↓

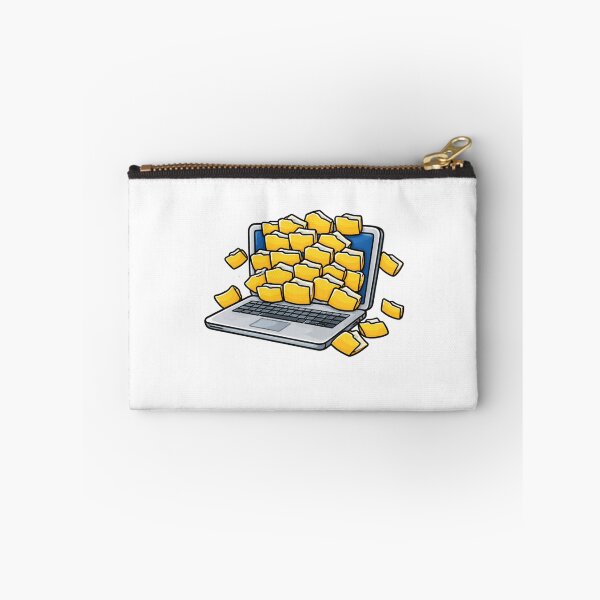 Item preview, Too Many Files Laptop Overload Funny Work From Home Design designed and sold by ZYNORAworld.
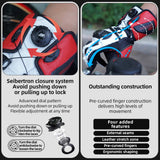 color:Red | Seibertron SPS-6 leather racing gloves with carbon fiber protection image 19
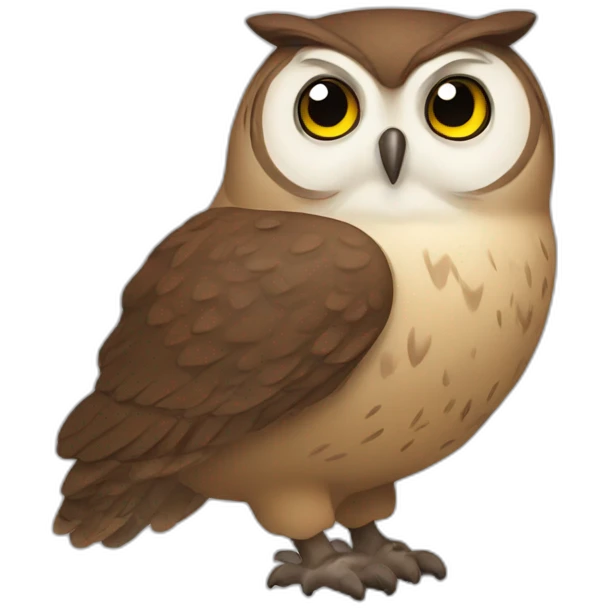 Fattest owl emoji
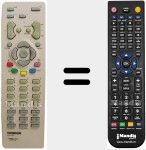 Replacement remote control for RCT 311 DA2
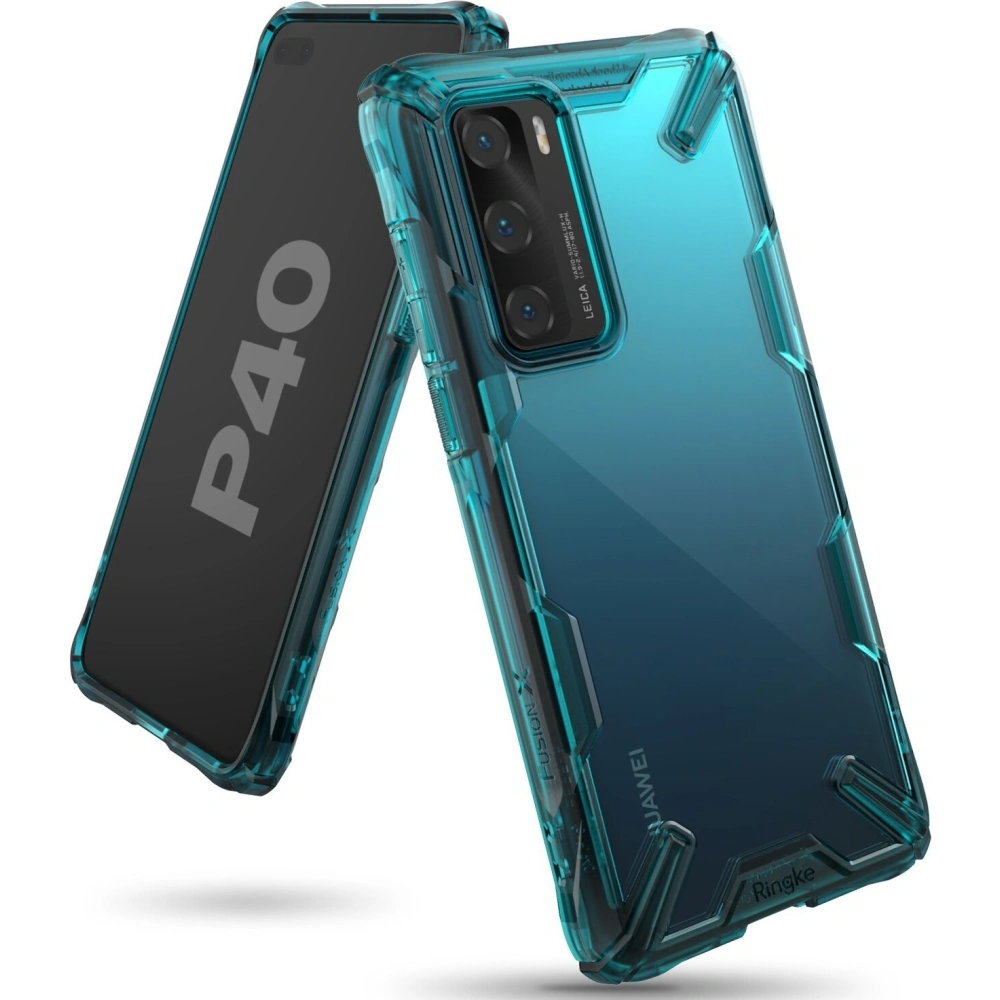 Hurtownia GSM - Etui Ringke Fusion-X Huawei P40 Turquoise Green - RGK1143GRN - {ean13} - Hurt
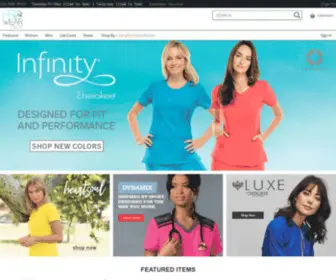 Prowearplus.net(Los Angeles' best store for scrubs) Screenshot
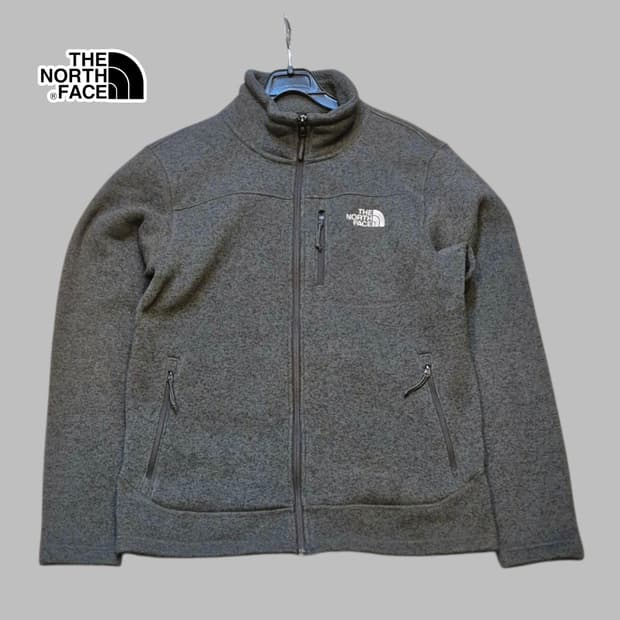 Asia-M 노스페이스 차콜 니트집업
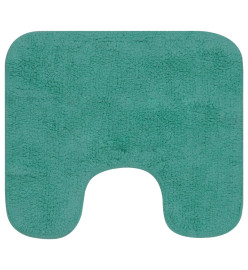 Tapis de salle de bain 2 pcs Tissu Turquoise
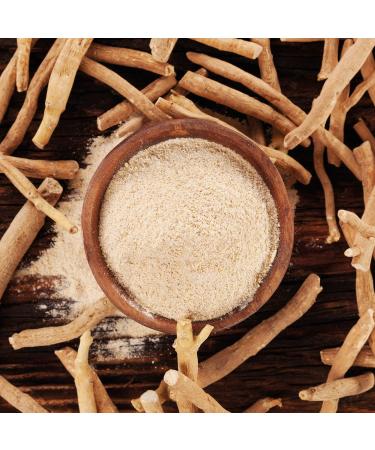 GreatVita Organic Ashwagandha Powder 400g Pure Additive-Free Supplement for Stress Relief & Wellness - Buy Online on GoSupps.com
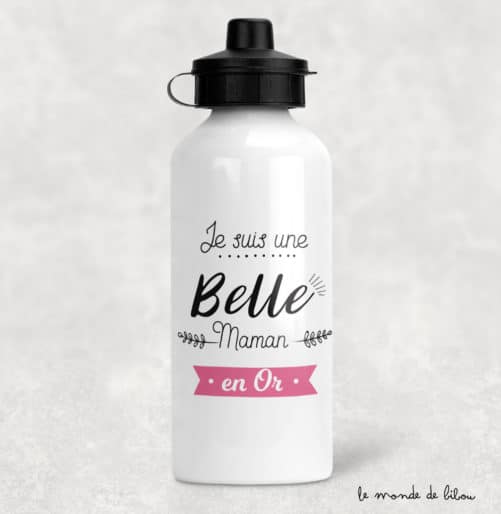 Gourde Belle maman en or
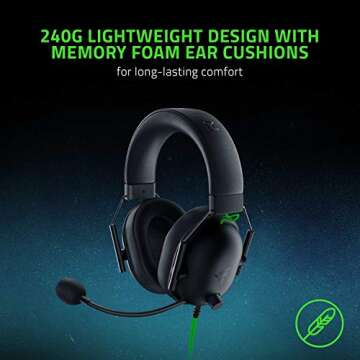 Razer BlackShark V2 X Headset - Immersive Sound & Comfort
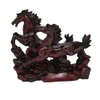 Ripe India Two Red/Cherry Running Horses, Victory Horses for Feng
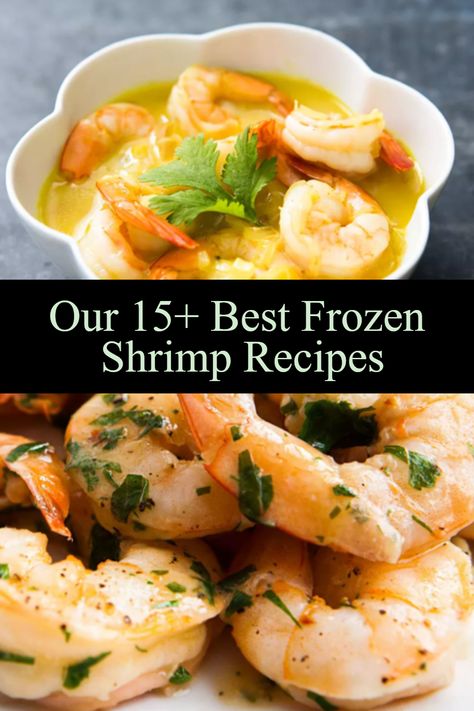 Are you looking for frozen shrimp recipes? Did you know that right there in your grocery store’s frozen aisle there is an easy and healthy dinner staple just waiting for you?  A lot of home chefs think that frozen cooked shrimp recipes just cover one thing: shrimp cocktail or a simple boiled shrimp recipe. Uncooked Shrimp Recipes, Recipes For Precooked Shrimp, Pre Cooked Shrimp Recipes Easy, Boil Frozen Shrimp, Leftover Shrimp Cocktail, How To Cook Frozen Shrimp, Frozen Pre Cooked Shrimp Recipes, Frozen Cooked Shrimp Recipes, Frozen Shrimp Recipes Easy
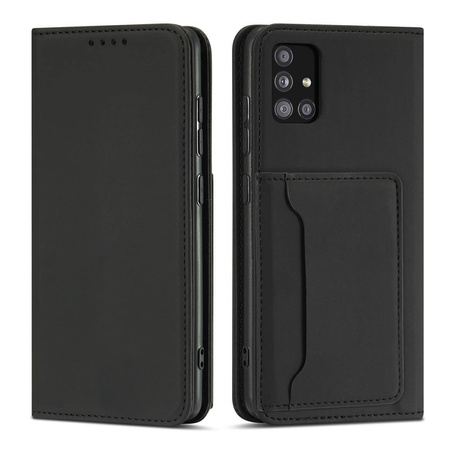 Magnet Card Case Case for Samsung Galaxy A53 5G Pouch Wallet Card Holder Black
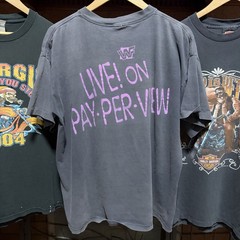 vintage 90s sunfaded distressed wwe wrestlemania grunge single stitch tshirt xl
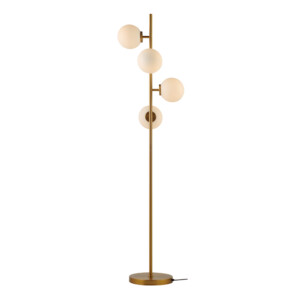 Domus: Pendant Lamp: Brushed Brass/Opal Matt, E14x4 #V39113/4F/BS+OM/430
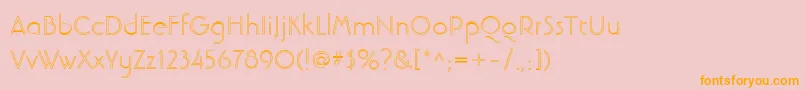 En savoir plus sur la police LinotypebanjomanopenLight Police LinotypebanjomanopenLight – polices orange sur fond rose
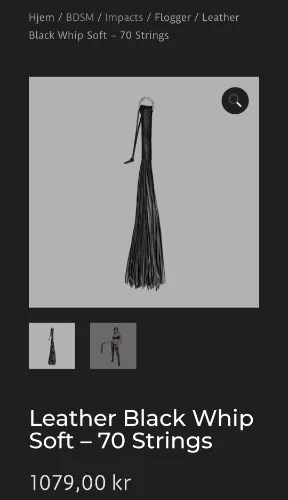 Leather Black Whip Soft – 70 Strings | Sublimx - Gear & Fetish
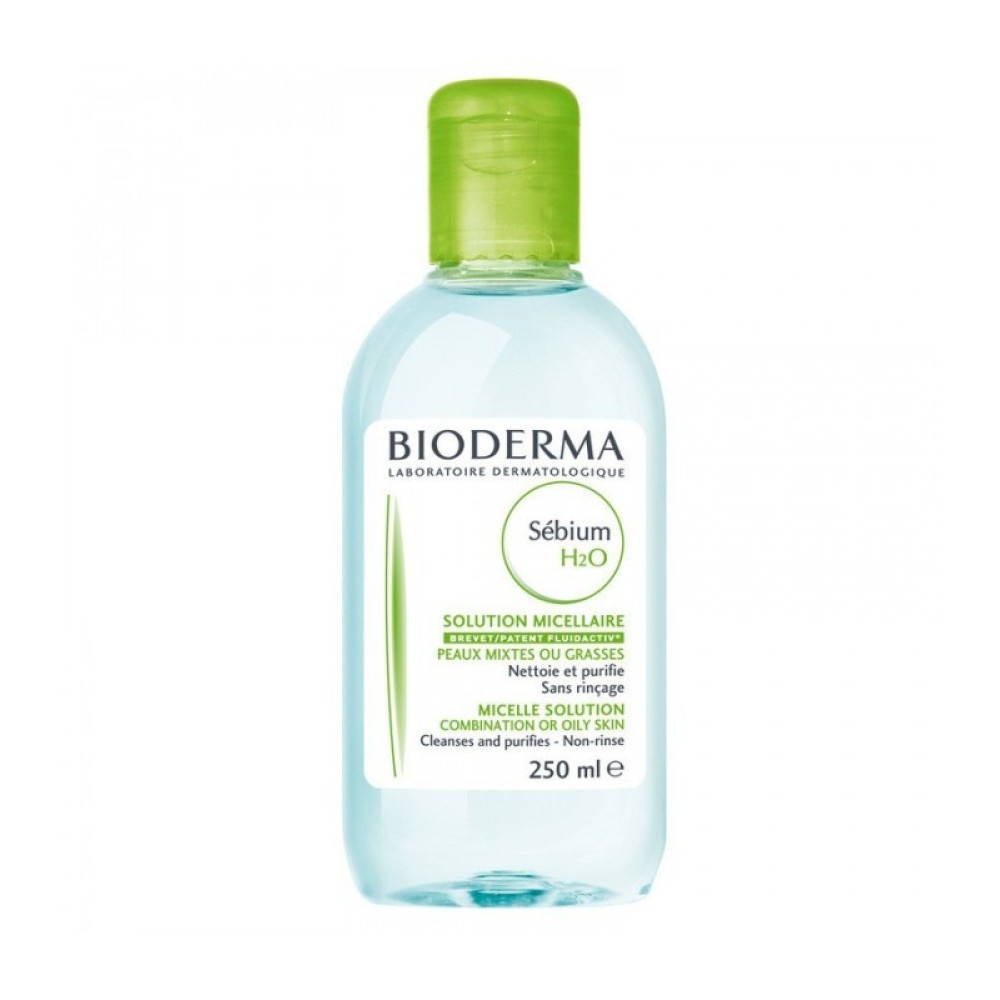 Bioderma | Sebium H20 | Ήπιο Διάλυμα Καθαρισμού για το Πρόσωπο και τα Μάτια | 250ml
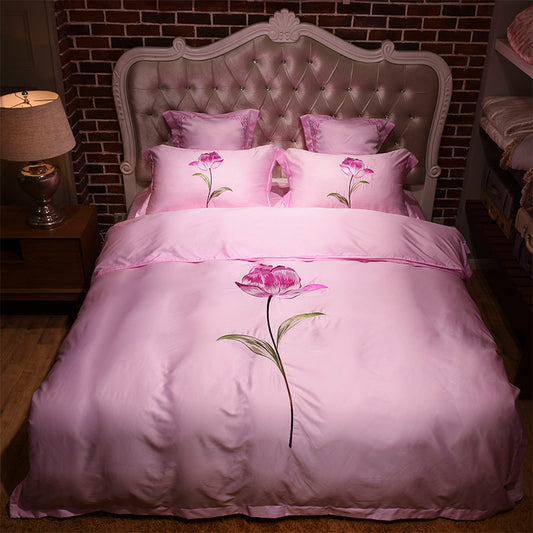 Sábanas de Seda Lavada Premium - Juego de Cama Lujoso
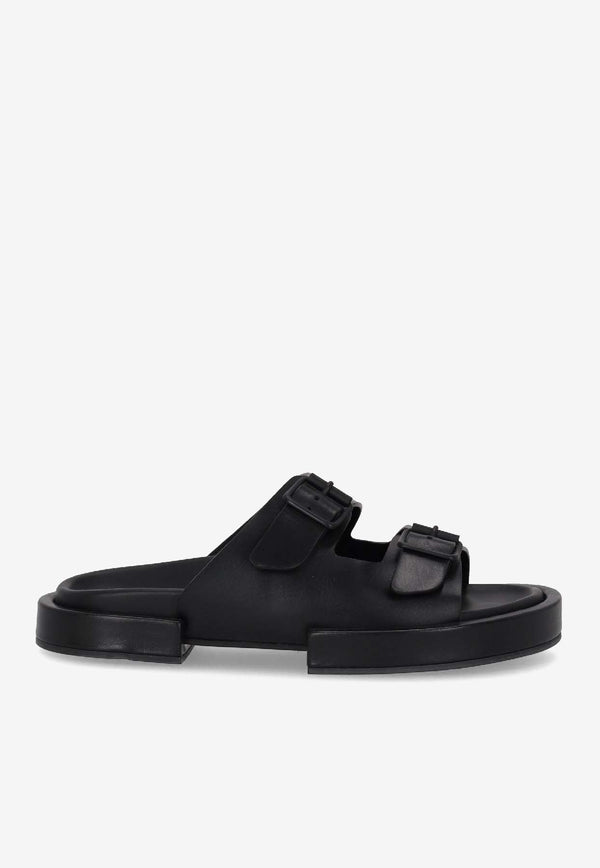 Ann Demeulemeester Henri Flat Sandals Black 2301WF71LT041_099
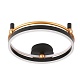 потолочный светильник crystal lux fernando pl48w led black/gold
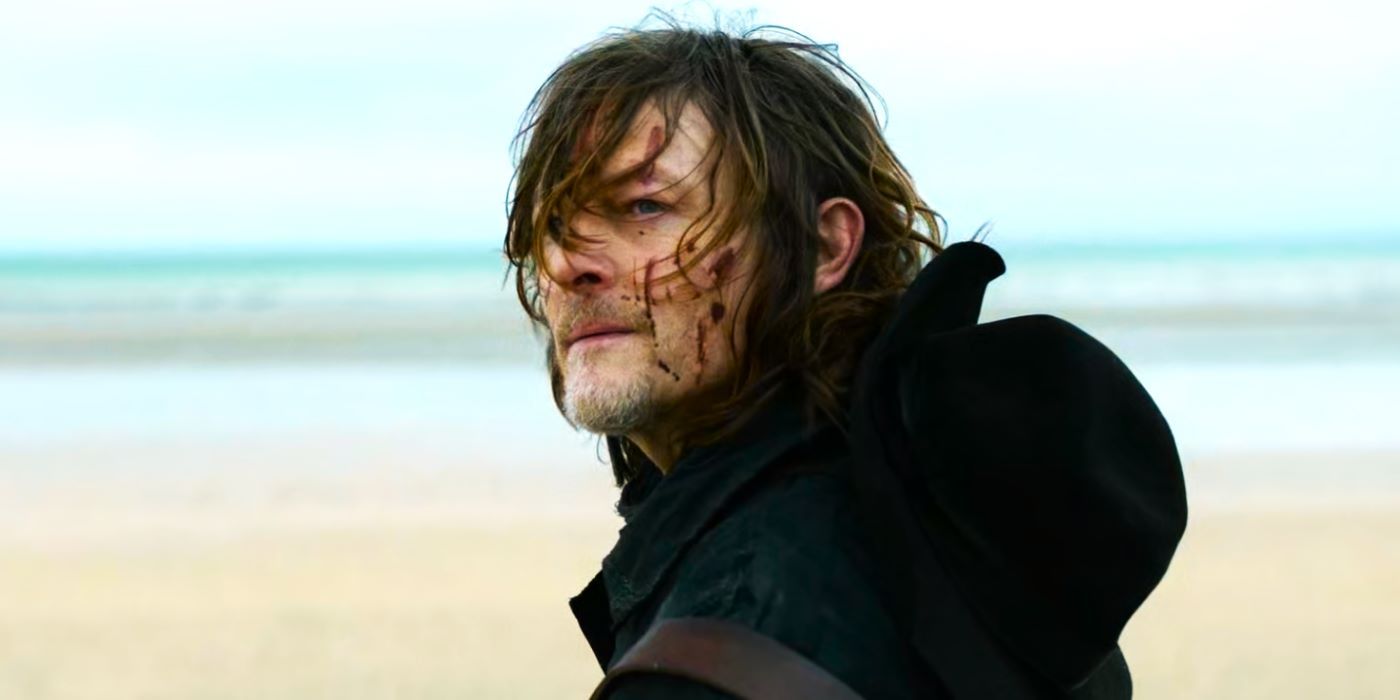 Daryl Dixon On The Beach In The Walking Dead Daryl Dixon Season 1 Finale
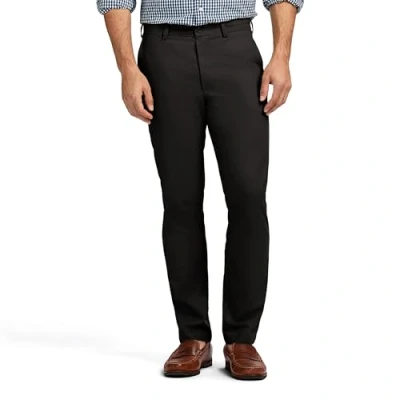 Abbildung von IZOD Herren American Chino Flat Front Straight Fit Pant Lässige Hose, Schwarz, 40W / 30L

↑

WHAT THIS TASK INVOLVES: Return every record above exactly as written, but drop the pictures.

FINISHED TASK:
 Item preview, Too Many Files Laptop Overload Funny Work From Home Design designed and sold by ZYNORAworld.
 color:Red | Seibertron SPS-6 leather racing gloves with carbon fiber protection image 19
 Fattest owl emoji
 Replacement remote control for RCT 311 DA2
 Hurtownia GSM - Etui Ringke Fusion-X Huawei P40 Turquoise Green - RGK1143GRN - {ean13} - Hurt
 Prowearplus.net(Los Angeles' best store for scrubs) Screenshot
 Asia-M 노스페이스 차콜 니트집업
 Tapis de salle de bain 2 pcs Tissu Turquoise
 GreatVita Organic Ashwagandha Powder 400g Pure Additive-Free Supplement for Stress Relief & Wellness - Buy Online on GoSupps.com
 Gourde Belle maman en or
 Razer BlackShark V2 X Headset - Immersive Sound & Comfort
 Ripe India Two Red/Cherry Running Horses, Victory Horses for Feng
 Are you looking for frozen shrimp recipes? Did you know that right there in your grocery store’s frozen aisle there is an easy and healthy dinner staple just waiting for you?  A lot of home chefs think that frozen cooked shrimp recipes just cover one thing: shrimp cocktail or a simple boiled shrimp recipe. Uncooked Shrimp Recipes, Recipes For Precooked Shrimp, Pre Cooked Shrimp Recipes Easy, Boil Frozen Shrimp, Leftover Shrimp Cocktail, How To Cook Frozen Shrimp, Frozen Pre Cooked Shrimp Recipes, Frozen Cooked Shrimp Recipes, Frozen Shrimp Recipes Easy
 Magnet Card Case Case for Samsung Galaxy A53 5G Pouch Wallet Card Holder Black
 vintage 90s sunfaded distressed wwe wrestlemania grunge single stitch tshirt xl
 Domus: Pendant Lamp: Brushed Brass/Opal Matt, E14x4 #V39113/4F/BS+OM/430
 En savoir plus sur la police LinotypebanjomanopenLight Police LinotypebanjomanopenLight – polices orange sur fond rose
 Leather Black Whip Soft – 70 Strings | Sublimx - Gear & Fetish
 Bioderma | Sebium H20 | Ήπιο Διάλυμα Καθαρισμού για το Πρόσωπο και τα Μάτια | 250ml
 Sábanas de Seda Lavada Premium - Juego de Cama Lujoso
 Ann Demeulemeester Henri Flat Sandals Black 2301WF71LT041_099
 потолочный светильник crystal lux fernando pl48w led black/gold
 Daryl Dixon On The Beach In The Walking Dead Daryl Dixon Season 1 Finale
 Abbildung von IZOD Herren American Chino Flat Front Straight Fit Pant Lässige Hose, Schwarz, 40W / 30L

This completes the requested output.